For the past four years, Cathy Creighton ’87 has had a large, black, six-picture frame hanging on the wall of her office at Creighton, Johnson and Giroux, the law firm she helped found in 2002.
The sixth carries a script message authored by Fleron:
Sassy Sisterhood of ILR
In a way, the frame has turned prophetic, featuring Gray, the first director of ILR’s first extension office in Buffalo, Fleron, who has directed ILR programs in Buffalo since 1976, and Creighton, who steps into the ILR Buffalo Co-Lab director role on Jan. 1.
“I gave that to Cathy soon after Kate had been a High Road Fellow and when Cathy had just moved into her law firm’s new offices,” said Fleron, who will continue working at the Co-Lab on political economy initiatives. “I meant it as a thank you for all the contributions she has made over the years to ILR’s success. The personal gift took the form of Lois, me, Cathy and Kate just because we all share such strong commitment to worker power and fairness, as well as a bit of an irreverent or ‘sassy’ personality trait.”
Creighton has been connected to the Co-Lab for many years. For eight years she taught classes to workers interested in becoming union representatives through the ILR Extension’s Labor Studies Program.
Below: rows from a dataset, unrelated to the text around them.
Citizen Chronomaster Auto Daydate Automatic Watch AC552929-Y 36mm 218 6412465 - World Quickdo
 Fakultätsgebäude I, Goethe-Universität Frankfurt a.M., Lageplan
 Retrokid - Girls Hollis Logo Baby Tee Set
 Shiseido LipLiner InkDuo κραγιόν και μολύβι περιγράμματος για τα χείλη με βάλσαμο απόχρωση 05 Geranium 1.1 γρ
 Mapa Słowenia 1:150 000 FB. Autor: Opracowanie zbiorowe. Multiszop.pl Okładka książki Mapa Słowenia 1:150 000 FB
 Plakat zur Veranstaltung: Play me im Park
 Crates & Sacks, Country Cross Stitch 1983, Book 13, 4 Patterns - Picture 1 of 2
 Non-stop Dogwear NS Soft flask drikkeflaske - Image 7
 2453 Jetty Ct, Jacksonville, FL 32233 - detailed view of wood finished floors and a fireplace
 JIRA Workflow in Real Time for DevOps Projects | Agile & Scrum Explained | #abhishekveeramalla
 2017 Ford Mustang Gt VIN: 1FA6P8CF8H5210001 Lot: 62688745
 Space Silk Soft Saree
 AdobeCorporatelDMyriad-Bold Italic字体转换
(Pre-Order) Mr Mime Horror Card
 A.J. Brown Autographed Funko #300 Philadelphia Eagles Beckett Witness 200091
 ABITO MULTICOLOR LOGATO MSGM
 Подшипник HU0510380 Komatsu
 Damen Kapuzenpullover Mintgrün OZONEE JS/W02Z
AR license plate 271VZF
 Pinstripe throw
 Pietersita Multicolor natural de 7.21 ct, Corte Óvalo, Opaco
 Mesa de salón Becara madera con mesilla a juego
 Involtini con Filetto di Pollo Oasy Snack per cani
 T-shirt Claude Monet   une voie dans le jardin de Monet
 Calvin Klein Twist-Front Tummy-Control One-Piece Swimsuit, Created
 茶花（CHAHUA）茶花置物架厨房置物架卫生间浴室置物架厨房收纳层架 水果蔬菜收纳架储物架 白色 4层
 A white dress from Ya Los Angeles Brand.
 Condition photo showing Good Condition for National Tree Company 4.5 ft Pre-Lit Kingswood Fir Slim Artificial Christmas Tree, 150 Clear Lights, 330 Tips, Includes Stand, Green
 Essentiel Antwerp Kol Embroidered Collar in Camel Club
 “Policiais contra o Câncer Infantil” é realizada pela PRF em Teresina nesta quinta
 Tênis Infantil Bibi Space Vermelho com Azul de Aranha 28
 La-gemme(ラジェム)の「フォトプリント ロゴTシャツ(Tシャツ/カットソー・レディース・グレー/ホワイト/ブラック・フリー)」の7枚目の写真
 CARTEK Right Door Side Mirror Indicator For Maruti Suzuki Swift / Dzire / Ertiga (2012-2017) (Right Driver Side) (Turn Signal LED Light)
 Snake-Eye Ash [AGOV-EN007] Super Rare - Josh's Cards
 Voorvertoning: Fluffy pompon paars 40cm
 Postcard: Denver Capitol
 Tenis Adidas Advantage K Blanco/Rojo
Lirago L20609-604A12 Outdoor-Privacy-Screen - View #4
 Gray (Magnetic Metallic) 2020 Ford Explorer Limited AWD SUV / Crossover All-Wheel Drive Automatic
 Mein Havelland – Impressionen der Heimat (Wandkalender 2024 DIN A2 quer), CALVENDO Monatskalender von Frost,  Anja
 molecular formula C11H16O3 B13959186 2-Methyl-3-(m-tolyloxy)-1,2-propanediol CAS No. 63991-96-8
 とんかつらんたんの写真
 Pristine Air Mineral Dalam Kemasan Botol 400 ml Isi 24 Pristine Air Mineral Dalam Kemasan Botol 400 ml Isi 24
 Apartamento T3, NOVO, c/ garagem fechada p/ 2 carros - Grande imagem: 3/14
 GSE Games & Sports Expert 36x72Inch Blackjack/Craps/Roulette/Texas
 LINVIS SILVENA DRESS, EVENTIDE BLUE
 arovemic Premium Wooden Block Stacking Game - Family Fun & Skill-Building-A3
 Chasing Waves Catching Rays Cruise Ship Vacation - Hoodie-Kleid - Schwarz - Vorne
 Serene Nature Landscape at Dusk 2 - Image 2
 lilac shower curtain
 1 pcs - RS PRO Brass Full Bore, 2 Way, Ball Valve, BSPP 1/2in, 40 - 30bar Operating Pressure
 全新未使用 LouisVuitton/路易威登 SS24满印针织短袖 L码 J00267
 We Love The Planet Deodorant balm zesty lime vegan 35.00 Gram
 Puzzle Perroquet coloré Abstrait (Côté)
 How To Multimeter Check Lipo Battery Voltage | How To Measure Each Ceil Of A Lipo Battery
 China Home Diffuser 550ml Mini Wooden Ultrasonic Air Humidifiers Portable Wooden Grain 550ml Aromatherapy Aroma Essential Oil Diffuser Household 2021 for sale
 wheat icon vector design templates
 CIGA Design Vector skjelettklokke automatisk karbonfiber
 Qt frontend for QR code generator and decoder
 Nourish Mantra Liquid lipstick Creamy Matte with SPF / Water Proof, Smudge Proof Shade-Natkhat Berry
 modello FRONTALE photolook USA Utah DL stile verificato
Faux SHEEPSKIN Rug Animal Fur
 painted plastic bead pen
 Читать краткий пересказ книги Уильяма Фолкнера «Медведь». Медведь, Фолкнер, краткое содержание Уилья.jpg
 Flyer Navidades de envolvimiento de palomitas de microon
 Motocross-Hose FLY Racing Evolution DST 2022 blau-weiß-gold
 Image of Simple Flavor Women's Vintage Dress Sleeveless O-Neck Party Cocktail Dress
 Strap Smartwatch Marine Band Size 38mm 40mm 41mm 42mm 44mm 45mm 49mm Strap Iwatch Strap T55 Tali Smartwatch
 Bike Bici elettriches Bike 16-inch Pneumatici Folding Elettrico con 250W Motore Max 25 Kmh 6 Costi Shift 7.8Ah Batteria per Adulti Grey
She has also been involved with ILR’s High Road Fellowship program since its inception, serving on the program’s advisory board.
“I am beyond thrilled to have Cathy join ILR and Outreach,” said Associate Professor Ariel Avgar, who is ILR's associate dean for Outreach. “Cathy brings to her role a wealth of experience in the labor and employment arena, a deep commitment to Buffalo, and a genuine enthusiasm for the ILR School. I look forward to working with her and I'm excited about the next chapter for Buffalo Co-Lab under her leadership.”
“I bring two things to the table,” said Creighton of her appointment. “First of all, I’m an ILR grad and I also know this particular program because I've been exposed to it through my time teaching and also through my work on the High Road advisory board. Second, I bring a great deal of working knowledge of the labor economy and the labor community through my work as a lawyer for the last 26 years. I have worked with dozens of labor unions, and the flip side of that coin is that I've worked with every management lawyer in Buffalo and their employer clients.”
In addition, Creighton serves on the Coalition for Economic Justice Workers’ Rights Board, and was formerly a board member of the Lawyers Coordinating Committee of the AFL-CIO and the Labor and Employment Relations Association of Western New York.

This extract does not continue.